Re: [PATCH 1/3] xen/sched: introduce cpupool_update_node_affinity()

Posted by Jan Beulich 3 years, 6 months ago

On 02.08.2022 15:27, Juergen Gross wrote:
> --- a/xen/common/sched/core.c
> +++ b/xen/common/sched/core.c
> @@ -1790,28 +1790,14 @@ int vcpu_affinity_domctl(struct domain *d, uint32_t cmd,
>      return ret;
>  }
>  
> -void domain_update_node_affinity(struct domain *d)
> +void domain_update_node_affinity_noalloc(struct domain *d,
> +                                         const cpumask_t *online,
> +                                         struct affinity_masks *affinity)
>  {
> -    cpumask_var_t dom_cpumask, dom_cpumask_soft;
>      cpumask_t *dom_affinity;
> -    const cpumask_t *online;
>      struct sched_unit *unit;
>      unsigned int cpu;
>  
> -    /* Do we have vcpus already?
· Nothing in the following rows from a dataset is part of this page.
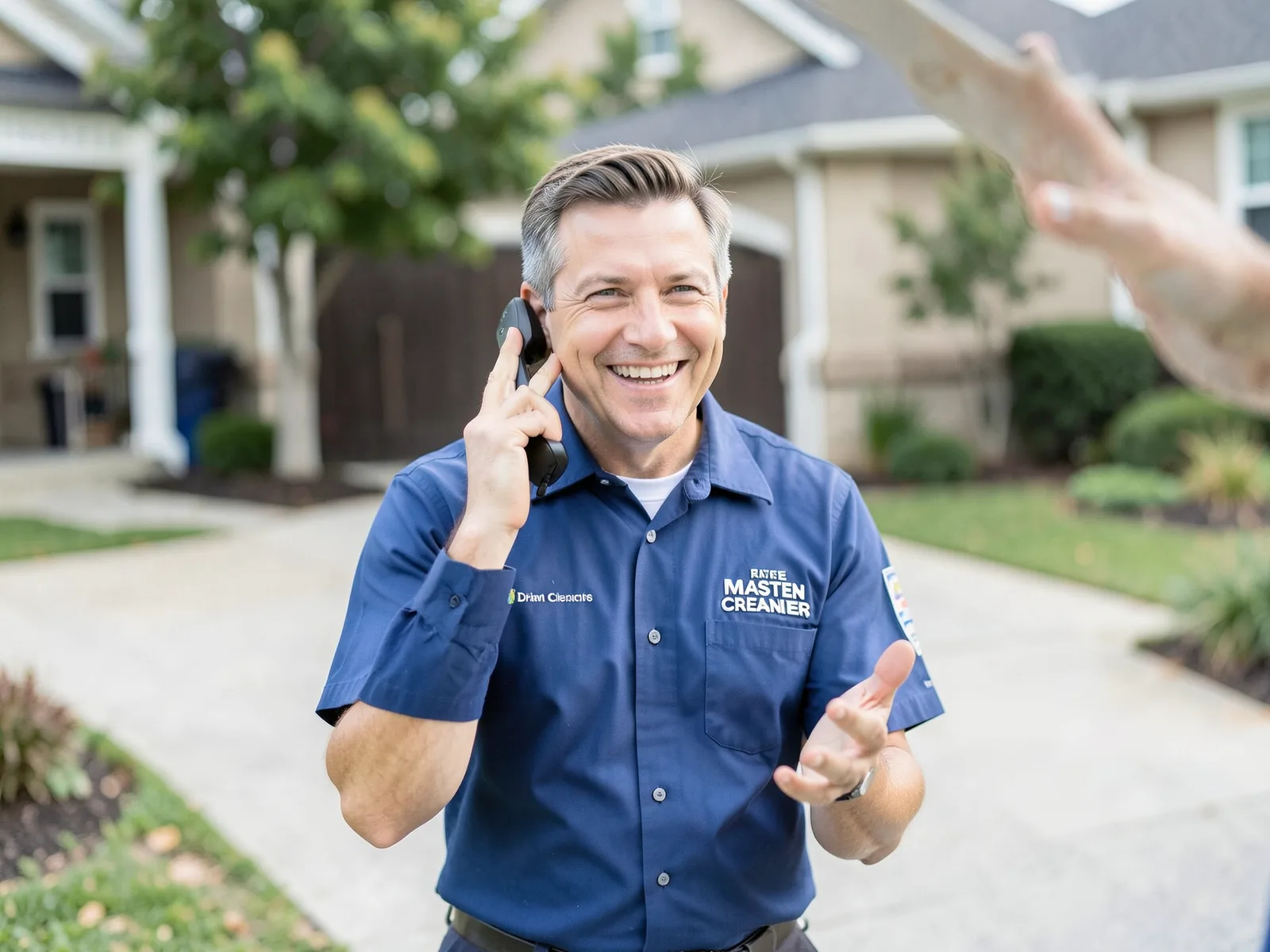 Drain Cleaning Head Waters, VA FAQs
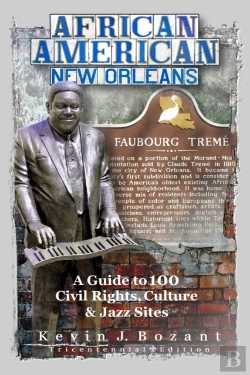 Bertrand.pt - African American New Orleans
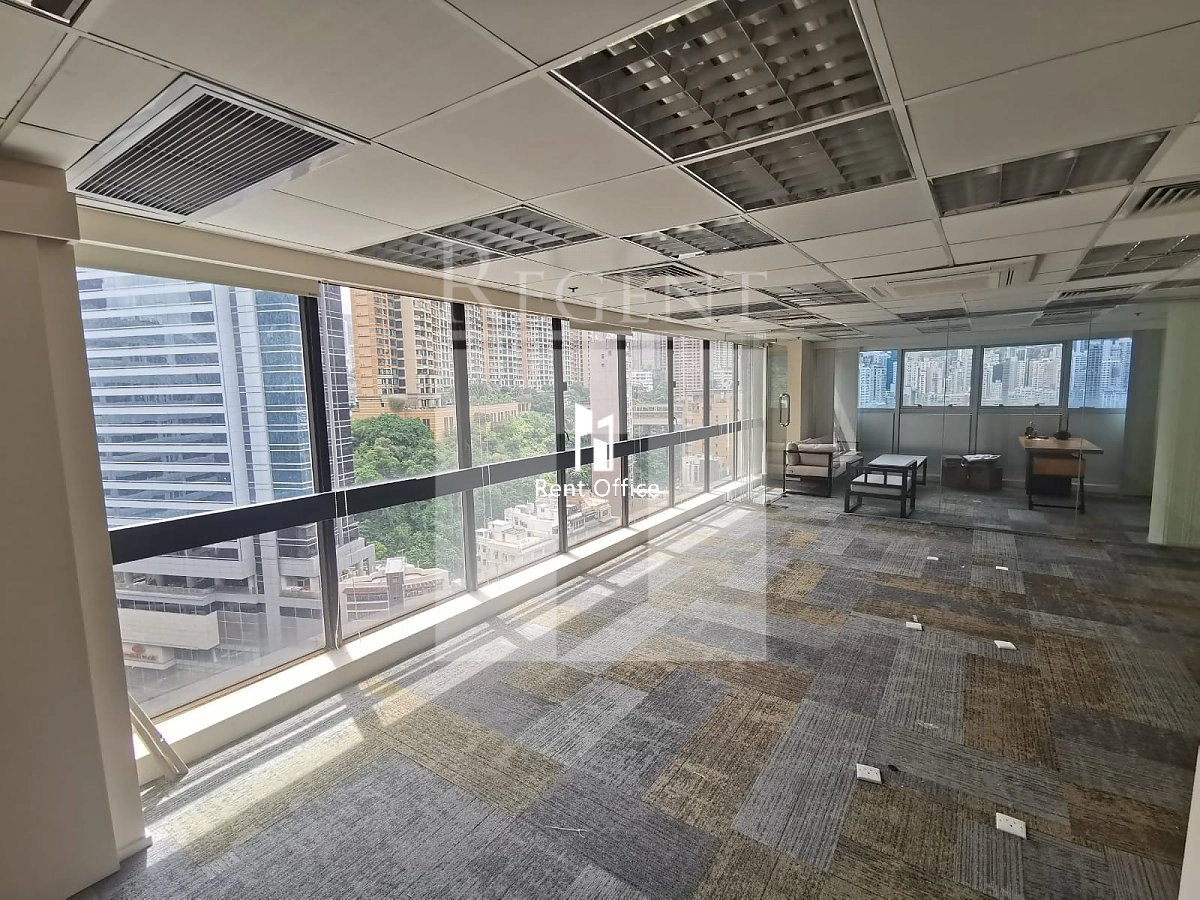 HONEST MOTOR BUILDING (合誠汽車大廈)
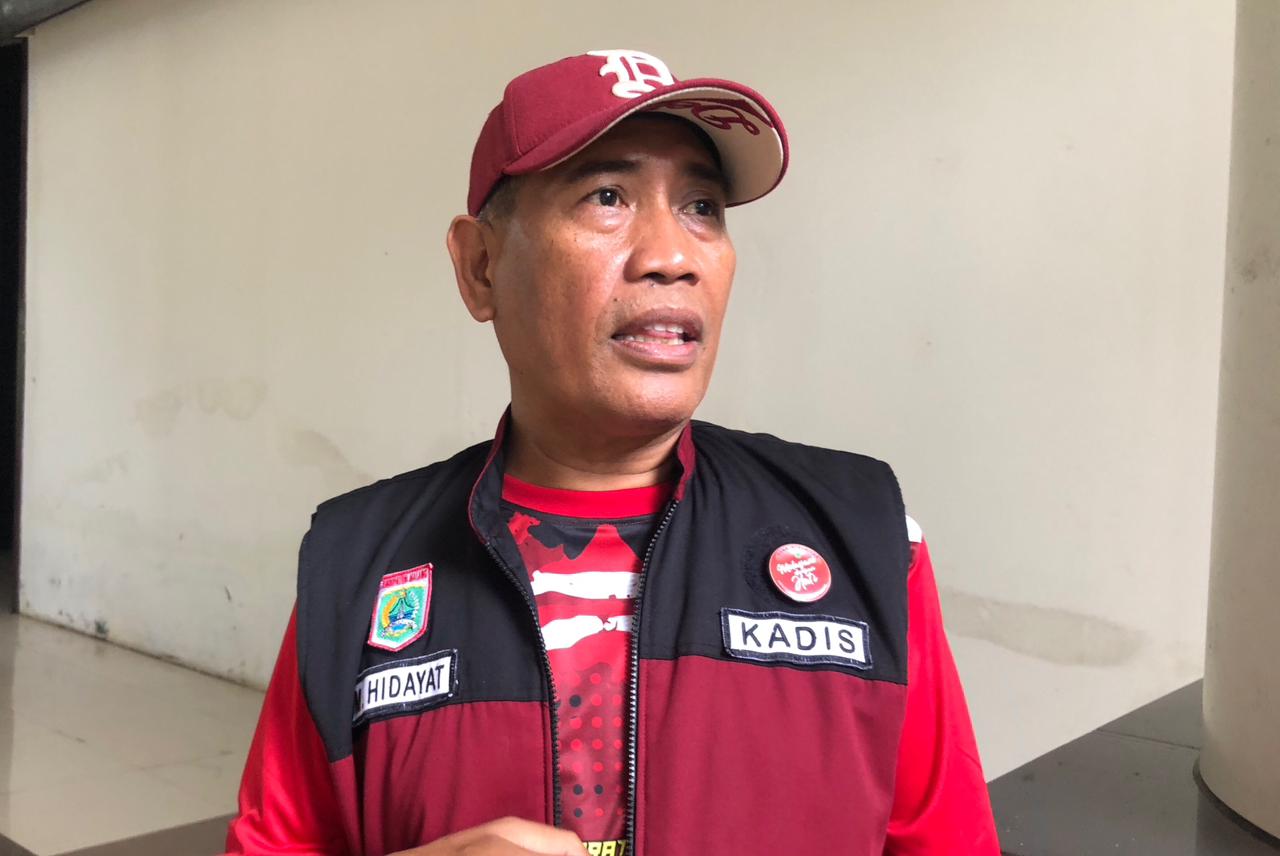 Penataan PKL di Area Stadion Kanjuruhan untuk Hilangkan Kesan Kumuh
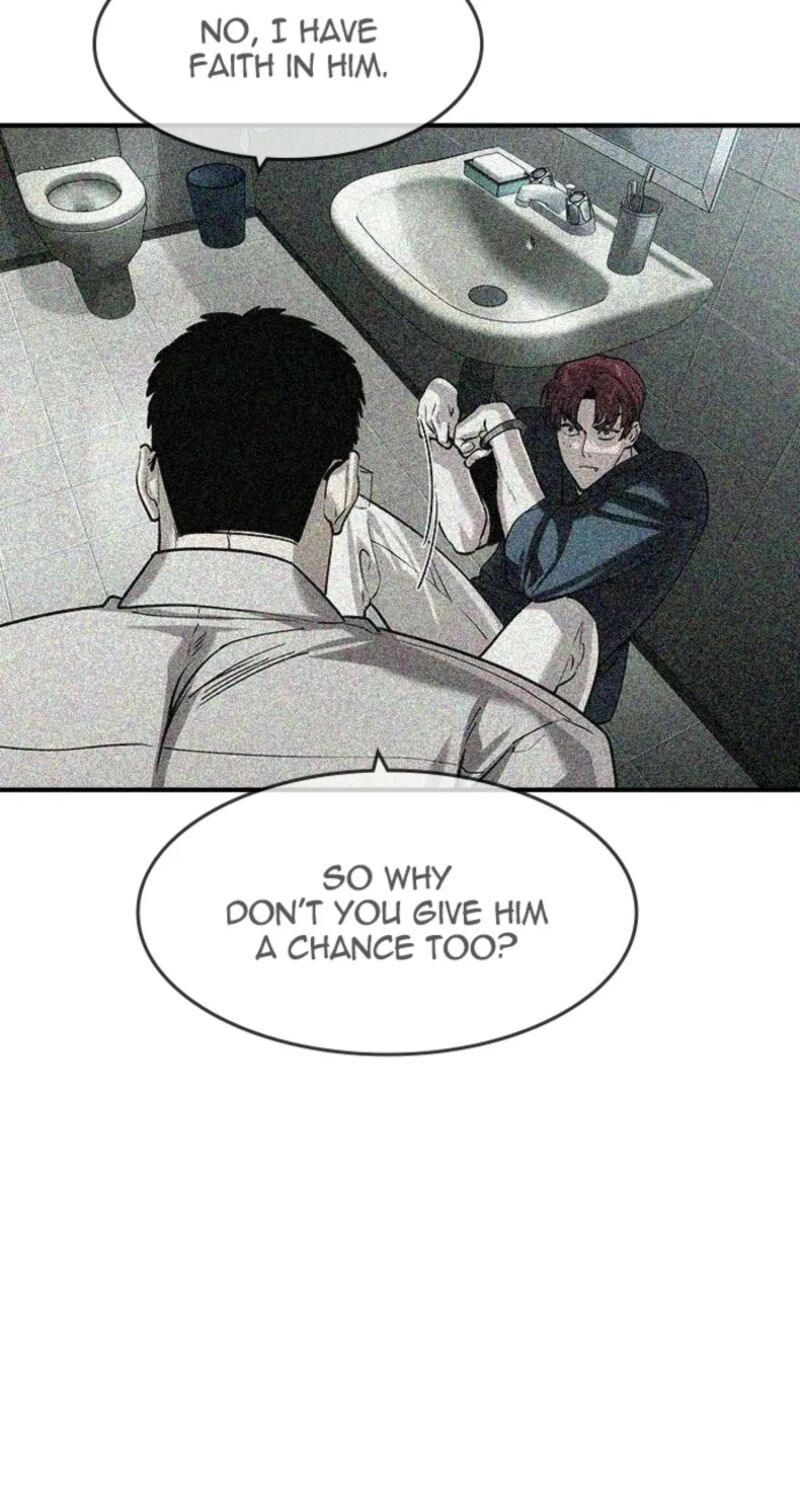 Read The Heir Manga Online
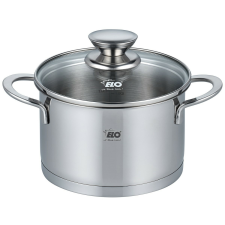 ELO 72544 Galant rozsdamenten edény 14 cm, 1,2 l, 1,2 l edény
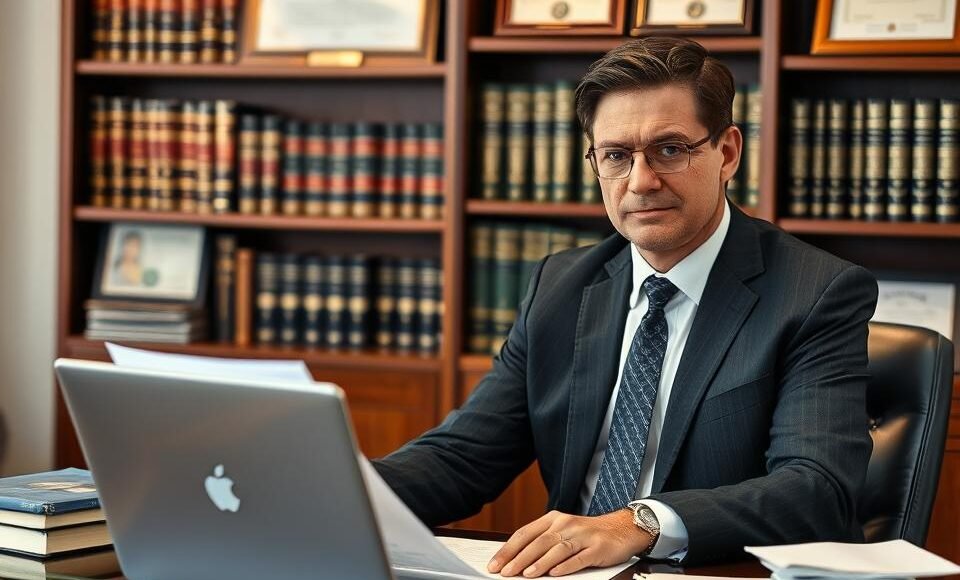 Advogado previdenciário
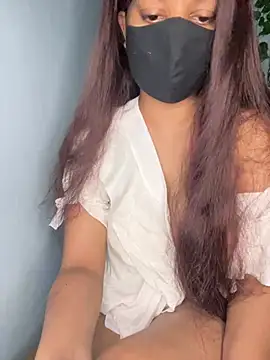 Cute Marina online show from 24, 4, 2026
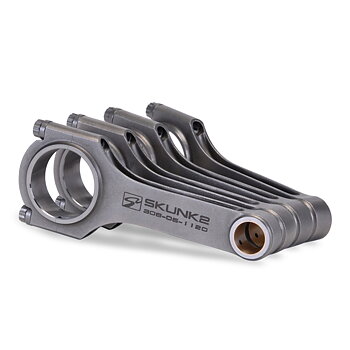 HONDA K20A/K20Z HIGH PERFORMANCE ALPHA RODS SKUNK2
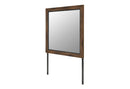 Optimus - Mirror - Black / Brown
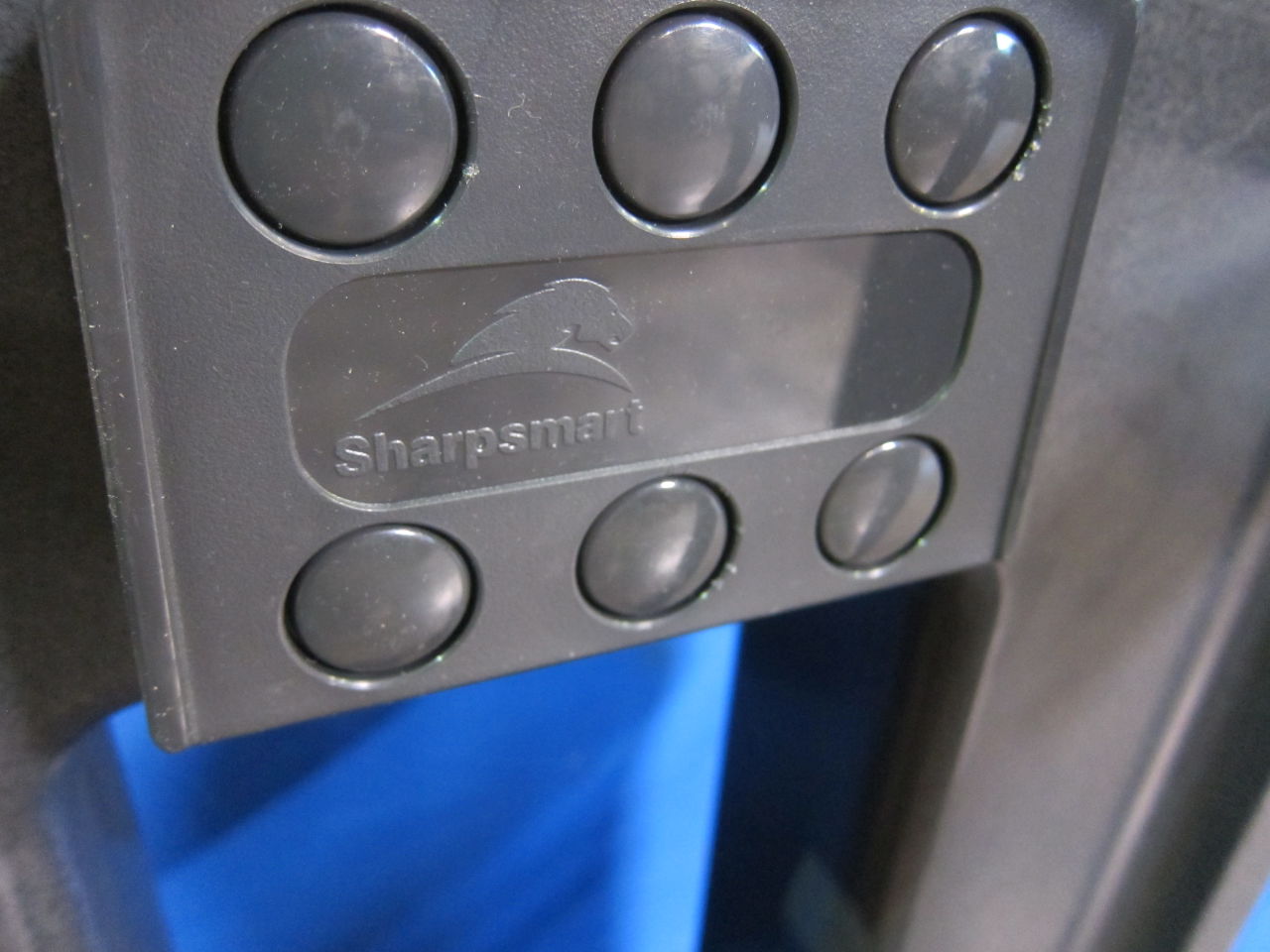SHARPSMART Cart
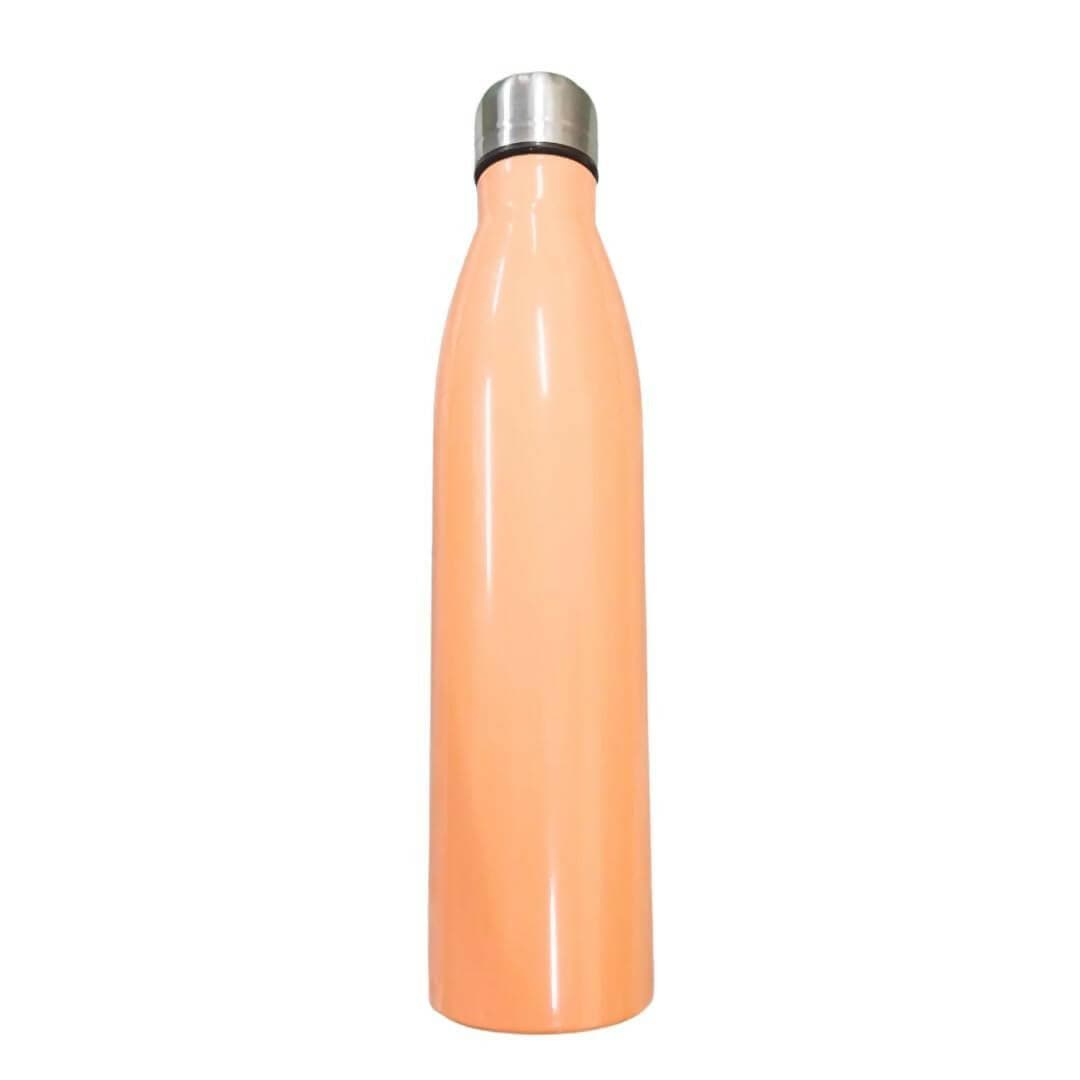 SHINI LIFESTYLE Steel Water Bottle, Stainless Steel Bottle - HalfPe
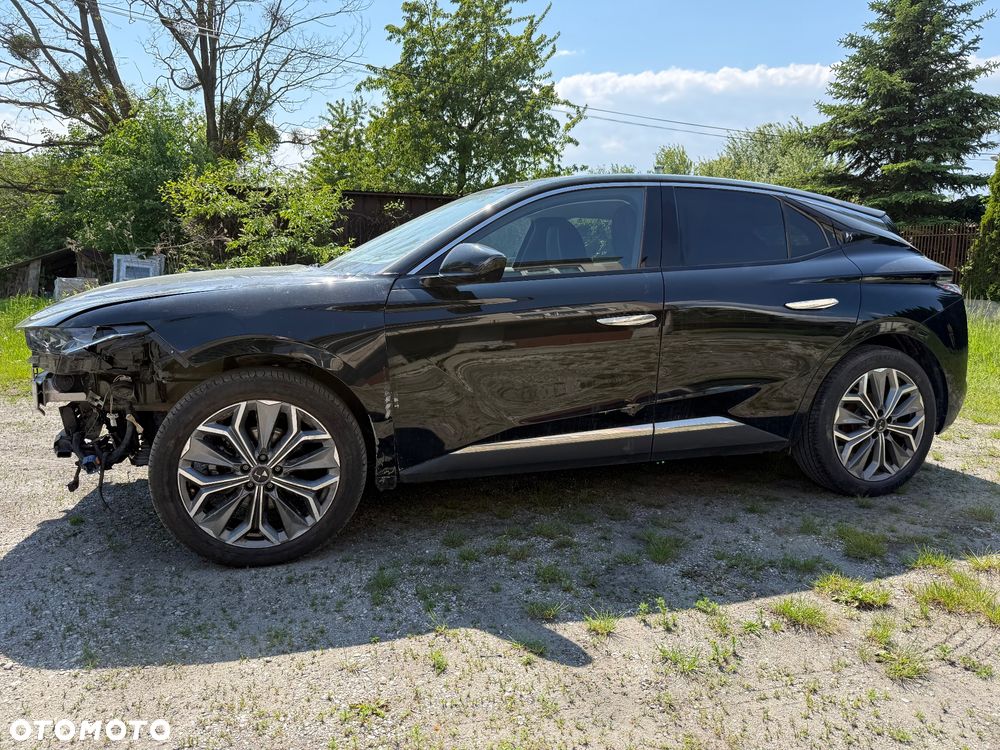 DS Automobiles DS 4 1.2 PureTech Performance Line + - 5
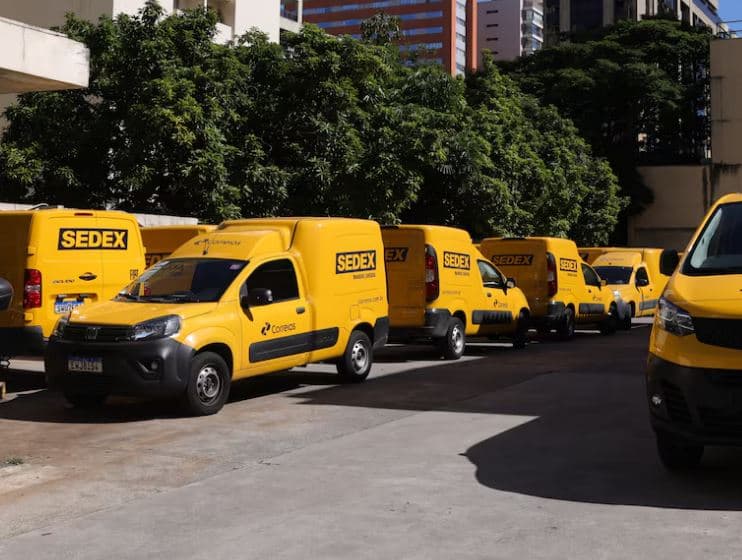 Prejuízo dos Correios triplica e chega a R$ 4,37 bilhões no primeiro semestre de 2025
If not, no need to update node-affinity. */
> -    if ( !d->vcpu || !d->vcpu[0] )
> -        return;
> -
> -    if ( !zalloc_cpumask_var(&dom_cpumask) )
> -        return;
> -    if ( !zalloc_cpumask_var(&dom_cpumask_soft) )
> -    {
> -        free_cpumask_var(dom_cpumask);
> -        return;
> -    }

Instead of splitting the function, did you consider using
cond_zalloc_cpumask_var() here, thus allowing (but not requiring)
callers to pre-allocate the masks? Would imo be quite a bit less
code churn (I think).

> --- a/xen/common/sched/cpupool.c
> +++ b/xen/common/sched/cpupool.c
> @@ -410,6 +410,48 @@ int cpupool_move_domain(struct domain *d, struct cpupool *c)
>      return ret;
>  }
>  
> +/* Update affinities of all domains in a cpupool. */
> +static int cpupool_alloc_affin_masks(struct affinity_masks *masks)
> +{
> +    if ( !alloc_cpumask_var(&masks->hard) )
> +        return -ENOMEM;
> +    if ( alloc_cpumask_var(&masks->soft) )
> +        return 0;
> +
> +    free_cpumask_var(masks->hard);
> +    return -ENOMEM;
> +}

Wouldn't this be a nice general helper function, also usable from
outside of this CU?

As a nit - right now the only caller treats the return value as boolean,
so perhaps the function better would return bool?

Jan

Re: [PATCH 1/3] xen/sched: introduce cpupool_update_node_affinity()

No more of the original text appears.